The jurisdiction of the land Disputes Tribunals established under the Land Disputes Tribunals Act is circumscribed by section 3(1) thereof. Such jurisdiction is limited to hearing all cases of Civil nature involving a dispute as to:
a)The division of or determination of boundaries to, land including land held in common;
b)A claim to occupy or work land; or
c)Trespass to land.
The 2nd applicant is the registered proprietor of the suit premises. The claim before the 1st respondent by the interested parties was for the ownership of the entire suit premises. On the basis of ancestral land. The 1st respondent acceded to the request and awarded the 2nd interested party the entire suit premises. That claim was not founded on division of or determination of boundaries, nor was it anchored to a claim to work or occupy land. Neither was the claim based on trespass. That being the case the 1st respondent had no jurisdiction to entertain the dispute as it related to registered land under the Registered Land Act. The implementation of the award would entail the transfer of the 2nd applicant’s suit premises to the 2nd interested party. Indeed there is an application pending before the 2nd respondent seeking the adoption of the award. The implementation of the award no doubt will entail the closure of the register and opening up of a new one in favour of the 2nd interested party. It is clear that the proceedings before the 1st respondent related to title to land. This dispute in my view could only be tried by the High Court or by the Resident magistrate’s court where such court has jurisdiction in terms of section 159 of the Registered Land Act. In the case of Jotham Amunars .v. Republic KSM C.A.No. 256 of 2002 (UR), the court of appeal observed that Land Disputes Tribunals had no jurisdiction to deal with proceedings relating to title to land or beneficial interest therein.

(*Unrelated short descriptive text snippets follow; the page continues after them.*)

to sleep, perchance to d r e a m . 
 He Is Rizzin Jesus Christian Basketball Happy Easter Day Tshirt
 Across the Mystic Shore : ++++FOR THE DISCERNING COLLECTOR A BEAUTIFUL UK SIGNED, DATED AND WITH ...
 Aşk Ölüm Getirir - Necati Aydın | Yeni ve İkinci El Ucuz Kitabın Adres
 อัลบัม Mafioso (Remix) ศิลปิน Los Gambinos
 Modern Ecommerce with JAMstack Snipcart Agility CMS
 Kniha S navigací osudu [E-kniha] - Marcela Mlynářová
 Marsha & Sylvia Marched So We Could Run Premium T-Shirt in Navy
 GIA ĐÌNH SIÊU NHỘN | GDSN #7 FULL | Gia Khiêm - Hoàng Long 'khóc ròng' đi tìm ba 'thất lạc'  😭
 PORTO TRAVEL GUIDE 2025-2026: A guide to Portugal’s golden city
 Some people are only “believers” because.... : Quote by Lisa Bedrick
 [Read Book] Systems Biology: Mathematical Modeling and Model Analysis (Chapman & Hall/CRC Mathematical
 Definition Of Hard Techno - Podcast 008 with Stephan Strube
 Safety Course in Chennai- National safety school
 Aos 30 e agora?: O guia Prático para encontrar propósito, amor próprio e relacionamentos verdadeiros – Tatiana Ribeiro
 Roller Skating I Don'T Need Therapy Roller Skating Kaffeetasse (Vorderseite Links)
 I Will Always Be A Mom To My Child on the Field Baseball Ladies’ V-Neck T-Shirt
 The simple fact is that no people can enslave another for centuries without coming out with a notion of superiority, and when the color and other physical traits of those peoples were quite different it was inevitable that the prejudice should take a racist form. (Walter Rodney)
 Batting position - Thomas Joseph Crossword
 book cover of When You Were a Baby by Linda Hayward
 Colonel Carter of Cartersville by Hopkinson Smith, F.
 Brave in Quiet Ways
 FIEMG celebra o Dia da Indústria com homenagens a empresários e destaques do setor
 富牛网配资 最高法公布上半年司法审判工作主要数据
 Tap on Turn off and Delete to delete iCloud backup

Having come to same conclusion in the circumstances of this case, I find and hold that the 1st respondent acted outside its jurisdiction which renders its decision null and void ab Initio. Accordingly the order of Certiorari shall forthwith issue, to quash the award of the 1st respondent dated 22nd December, 2009. The award having been quashed, there is nothing left for the 2nd respondent to adopt. The applicants’ second prayer for prohibition has thus been rendered otiose. As the mistakes or omissions that occasioned these proceedings were committed by the 1st respondent and who did not appear, I make no order as to costs.
Ruling dated, signedanddelivered at Kisii this 17th day of January, 2011.